I evaluated and experimented with several different approaches and discussed various details with some of the main developers (including you) on IRC. Based on the way that in my opinion, as someone who has tried and failed to implement the needed features in the past, and as a Geany developer, I recommended a proposed design for further input. And here we are :)
Please show me the point in the IRC logs where I agreed with your approach. In fact, I can't remember discussing ft-plugins with you on IRC at all (I just asked at one point how libclang works in more detail).
I never said I proposed a design on IRC, that's what the "Proposed Design" email was about. I discussed approaches and details with some of the developers. You and I talked about whether TM might be up to the job of representing scope, for example (and you pointed out that it can, crudely, by using strings rather than parent/child relationships).
Your evaluation is still invisible to me.
I evaluated the various approaches myself and by discussing specific topics with some devs lately and previously when we talked about ft-plugins so that I would be able to propose a design on the mailing list, and here we are discussing that. I don't see the problem.
As I asked in an earlier message, I'd be interested if you could provide some more concrete examples of what you were thinking with using TM, which would accomplish the goals mentioned in the Github Issue and fleshed-out more in the top of this thread.
Essentially I'd propose a signal that's emitted when Geany begins (re-)parsing a file (I believe it does this after each keystroke, after a debouncing timeout).

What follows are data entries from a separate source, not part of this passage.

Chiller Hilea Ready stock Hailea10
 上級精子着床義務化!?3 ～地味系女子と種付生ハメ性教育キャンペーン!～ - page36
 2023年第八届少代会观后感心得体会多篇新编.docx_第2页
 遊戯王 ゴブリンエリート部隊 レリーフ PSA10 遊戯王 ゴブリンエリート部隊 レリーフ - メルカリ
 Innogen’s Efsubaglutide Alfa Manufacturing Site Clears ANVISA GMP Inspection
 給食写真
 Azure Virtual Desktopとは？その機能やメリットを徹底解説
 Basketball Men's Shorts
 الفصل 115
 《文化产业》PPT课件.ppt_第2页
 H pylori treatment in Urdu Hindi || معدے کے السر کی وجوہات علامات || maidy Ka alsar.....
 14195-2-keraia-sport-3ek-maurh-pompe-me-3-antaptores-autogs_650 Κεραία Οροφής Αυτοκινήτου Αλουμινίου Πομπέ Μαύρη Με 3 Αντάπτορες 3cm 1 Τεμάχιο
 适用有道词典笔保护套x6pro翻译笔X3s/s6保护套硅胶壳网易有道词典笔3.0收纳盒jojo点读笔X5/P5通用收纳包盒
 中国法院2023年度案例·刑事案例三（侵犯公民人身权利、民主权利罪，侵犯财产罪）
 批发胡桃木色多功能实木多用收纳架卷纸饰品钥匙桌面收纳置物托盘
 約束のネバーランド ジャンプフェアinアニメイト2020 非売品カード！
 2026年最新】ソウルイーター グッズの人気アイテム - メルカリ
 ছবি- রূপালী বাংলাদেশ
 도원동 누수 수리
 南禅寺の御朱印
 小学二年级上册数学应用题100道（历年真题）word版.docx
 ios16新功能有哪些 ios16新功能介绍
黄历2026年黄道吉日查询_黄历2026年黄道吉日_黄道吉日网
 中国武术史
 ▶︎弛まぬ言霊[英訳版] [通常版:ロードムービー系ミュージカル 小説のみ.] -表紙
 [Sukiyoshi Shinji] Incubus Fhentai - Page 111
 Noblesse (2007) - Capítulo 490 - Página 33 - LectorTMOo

Plugins could connect to that signal, perhaps parse the file again, using their special, language specific library code, and pass the tags they've got to Geany using a to-be-designed API function (probably involving TMTag and TMSourceFile). Alternatively, the plugin signal handlers could run before Geany's own one, potentially blocking Geany from parsing the file at all. Or both approaches.
Unrelated to whether to use TM or not, I think you're right that a hook to tell ft-plugins to re-parse would be useful, otherwise plugins will all have to implement that logic/signal connections themselves.
Geany would then merge the tags, perhaps giving the plugin ones more weight, and store it in TM.
I think you underestimate how many tags we're talking here. The example libclang ft-plugin would have to re-walk the entire AST (which is absolutely massive, particularly for C++), convert it to TM tag structures, and then Geany/TM would have to perform some merging logic, would would be more complicated than now if it was to support C++ properly, every single re-parse. My intuition tells me that just won't be fast enough, Clang already jumps through hoops and uses tricks to just build its own AST in-time.
Then the symbol tree, completion, other plugins can use the tags and make their stuff.
For highlighting, I would really try to use Scintilla dynamic lexers. Otherwise we're going to have trouble with inconsistent editor widgets and non-working color schemes.
I have tried that, I can try and find the code if I still have it. The problem I have with it is that it adds a whole other framework (ILexer) and language (C++) that has to be used, and it's a lot more involved just to perform basically the same task. In both cases ft-plugins could either provide their own states or re-use those from an existing lexer built-into Geany, so I don't think container vs dynamic lexer will have any bearing on the inconsistency of colour schemes.